First of all, it should be noted that you do not need to cache the result of the count (*) request.
Although different RDBMSs handle counting operations differently, they are slow throughout the table for large tables. But one thing they have in common is that there is an alternative to SELECT COUNT (*) provided by the RDBMS, which is actually a cached result. Well, sort of.
You have not mentioned what your RDBMS is, so let's see how this happens in the popular ones used with Django
MySQL
If you have a primary key on your desk and you are using MyISAM. SELECT COUNT () works very fast in mysql and scales well. But chances are you are using Innodb. And this is the correct storage mechanism for various reasons.
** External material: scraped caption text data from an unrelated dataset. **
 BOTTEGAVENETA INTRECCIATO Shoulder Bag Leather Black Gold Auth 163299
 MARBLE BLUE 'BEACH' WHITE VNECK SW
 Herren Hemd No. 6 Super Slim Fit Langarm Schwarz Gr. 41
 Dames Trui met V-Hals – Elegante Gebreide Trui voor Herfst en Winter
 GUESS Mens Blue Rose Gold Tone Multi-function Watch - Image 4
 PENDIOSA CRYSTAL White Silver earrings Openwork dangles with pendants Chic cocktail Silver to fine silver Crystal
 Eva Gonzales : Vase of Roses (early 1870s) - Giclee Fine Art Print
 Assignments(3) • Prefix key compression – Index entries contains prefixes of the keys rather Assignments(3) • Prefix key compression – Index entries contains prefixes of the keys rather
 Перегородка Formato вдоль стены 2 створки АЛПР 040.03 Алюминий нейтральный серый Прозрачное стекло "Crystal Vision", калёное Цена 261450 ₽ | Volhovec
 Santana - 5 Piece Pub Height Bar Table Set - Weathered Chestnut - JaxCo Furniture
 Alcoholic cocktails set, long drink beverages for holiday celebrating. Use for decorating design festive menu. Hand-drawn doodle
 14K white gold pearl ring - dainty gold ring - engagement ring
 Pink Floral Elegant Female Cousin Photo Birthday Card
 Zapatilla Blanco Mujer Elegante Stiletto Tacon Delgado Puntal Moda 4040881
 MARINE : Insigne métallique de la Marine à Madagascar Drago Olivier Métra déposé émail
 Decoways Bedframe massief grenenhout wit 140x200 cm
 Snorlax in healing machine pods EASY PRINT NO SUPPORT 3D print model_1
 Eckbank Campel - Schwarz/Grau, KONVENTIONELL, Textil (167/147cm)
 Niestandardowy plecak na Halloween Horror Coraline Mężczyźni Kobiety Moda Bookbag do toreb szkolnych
Innodb is a transaction and cannot process COUNT () as well as MyISAM, and the query slows down as the table grows.
requesting a counter in a table with 2M records took 0.2317 seconds. The following query took 0.0015 seconds
SELECT table_rows FROM information_schema.tables WHERE table_name='for_count';
but he reported a value of 1997289 instead of 2 million, but close enough!
Thus, you do not need your own caching system.
Sqlite
Sqlite COUNT (*) queries are not very slow, but they do not scale. As the size of the table grows, the invoice query speed slows. Using a table similar to the table used in mysql, SELECT COUNT(*) FROM for_count
takes 0.042 seconds to complete.
No short cut. The sqlite_master
table sqlite_master
not contain the number of rows. And pragma table_info
You need your own system to cache the result of SELECT COUNT (*)
Postgresql
Although open source RDBMS is fully functional, postgresql is not suitable for processing count (*), it is slow and does not scale very well. In other words, no different from a bad relationship!
The count query took 0.194 seconds in postgreql. On the other hand, the next query took 0.003 seconds.
SELECT reltuples FROM pg_class WHERE relname = 'for_count'
You do not need your own caching system.
SQL Server
The COUNT query on the SQL server took an average of 0.160 seconds, but it fluctuated quite wildly. For all the databases discussed here, the first count (*) request was rather slow, but subsequent requests were faster because the file was cached by the operating system.
I am not an expert on SQL-server, therefore, before answering this question, I did not know how to search for the number of rows using the information about the schema. I found this Q&A useful. One of them I tried gave a result of 0.004 seconds
SELECT t.name, s.row_count from sys.tables t JOIN sys.dm_db_partition_stats s ON t.object_id = s.object_id AND t.type_desc = 'USER_TABLE' AND t.name ='for_count' AND s.index_id = 1
You do not need your own caching system.
Integrate in Django
As you can see, all the examined databases, except sqlite, provide a built-in "Cached Query Count". We do not need to create one of ours. Easily create a client manager to use this feature.
class CustomManager(models.Manager): def quick_count(self): from django.db import connection with connection.cursor() as cursor: cursor.execute("""SELECT table_rows FROM information_schema.tables WHERE table_name='for_count'""") row = cursor.fetchone() return row[0] class Sample(models.Model): .... objects = CustomManager()
The above example is for postgresql, but the same can be used for mysql or sql server just by changing the query to one of the above.
Prometheus
How to connect this to django prometheus? I leave it as an exercise.